姉川の合戦が始まったのが元亀元(1570)年6月28日。同じ元亀元年6月、戦が行われる前のタイミングで、家康は居城を浜松城へと移している。だが、その前年の秋から居城を移そうと普請、つまり建築の工事をすでに行っていた。
当初は、現在の磐田市に位置する「見付」に移ろうとしていたらしい。というのも、見付は古代から遠州地方の中心地であり、今の県庁にあたる国府が置かれていた。遠江の守護となった今川範国が、守護所を置いたのも見付である。
『三河物語』にも、「見付之国府を御住所に成され……」とあるように、家康は中心地である見付を拠点にして、遠江を支配するというビジョンを持っていたのである。
それにもかかわらず、なぜ家康は見付ではなく、浜松へと移ったのだろうか。『三河物語』の続きには、こんなふうに書かれている。
「ここはその場所ではない、と浜松に引かれて、城をつくりそこに居住なさった」
いきなり「やっぱりこの場所ではない」と言い出すとは、ずいぶんと唐突である。すでに工事も始まっており、屋敷持ちの家臣たちも移住し始めていたというのに、いったいどうしたというのか。

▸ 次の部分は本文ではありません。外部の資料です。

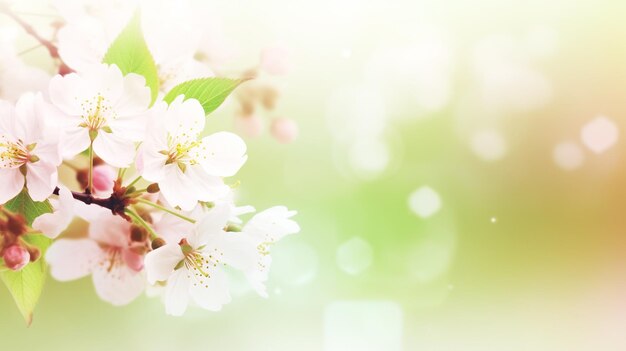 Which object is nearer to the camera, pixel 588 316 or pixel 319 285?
pixel 319 285

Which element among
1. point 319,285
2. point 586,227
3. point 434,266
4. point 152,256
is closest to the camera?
point 152,256

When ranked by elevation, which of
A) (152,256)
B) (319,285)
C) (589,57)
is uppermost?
(589,57)

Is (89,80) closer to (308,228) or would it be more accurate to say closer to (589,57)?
(308,228)

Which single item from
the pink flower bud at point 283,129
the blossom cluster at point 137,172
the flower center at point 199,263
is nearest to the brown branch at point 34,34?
the blossom cluster at point 137,172

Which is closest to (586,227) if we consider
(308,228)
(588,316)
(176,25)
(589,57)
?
(588,316)

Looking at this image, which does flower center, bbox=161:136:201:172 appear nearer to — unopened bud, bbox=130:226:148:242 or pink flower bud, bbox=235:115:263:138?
unopened bud, bbox=130:226:148:242

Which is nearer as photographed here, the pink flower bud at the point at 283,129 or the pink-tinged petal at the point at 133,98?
the pink-tinged petal at the point at 133,98

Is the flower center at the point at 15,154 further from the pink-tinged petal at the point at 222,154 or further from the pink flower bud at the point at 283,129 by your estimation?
the pink flower bud at the point at 283,129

ここでもやはり、信長からの知られざる「むちゃぶり」があった。
信長が城の工事を中止させたワケ
『当代記』には「見付普請相止也、是信長異見給如此」とある。どうも信長の意見が違ったために、家康が着手した見付での工事は中止されることになったらしい。信長の意見とは、次のようなものであった。
「もし、信玄と敵対した場合に、お主が見付にいたら、どうなるか。天竜川が邪魔になって救援に向かうことができないではないか。もし、渡ることができたとしても、川を背にすることになってしまう。居城は浜松にしたほうがよいだろう」
信玄の来襲に備えるべし、という考えは家康も信長も同じだが、その方法論が異なったらしい。家康がそれを聞いて納得したのか、それとも逆らえなかったのかは定かではない。ただ「それなら早く言ってくれ」とは思っただろう。
家康は信長の意見に従い、見付での築城を中止。改めて浜松の地で城の普請を始めて、都市づくりを始めることとなった。